**WHAT YOU ARE ASKED TO DO**
Copy the complete listing that follows, letter for letter.

**GIVEN DATA**
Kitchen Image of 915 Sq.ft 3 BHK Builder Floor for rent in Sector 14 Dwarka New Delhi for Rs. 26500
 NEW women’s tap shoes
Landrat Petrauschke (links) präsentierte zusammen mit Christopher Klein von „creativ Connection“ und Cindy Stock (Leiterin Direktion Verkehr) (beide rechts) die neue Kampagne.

**RESULT OF THIS EXERCISE**
Kitchen Image of 915 Sq.ft 3 BHK Builder Floor for rent in Sector 14 Dwarka New Delhi for Rs. 26500
 NEW women’s tap shoes
Landrat Petrauschke (links) präsentierte zusammen mit Christopher Klein von „creativ Connection“ und Cindy Stock (Leiterin Direktion Verkehr) (beide rechts) die neue Kampagne.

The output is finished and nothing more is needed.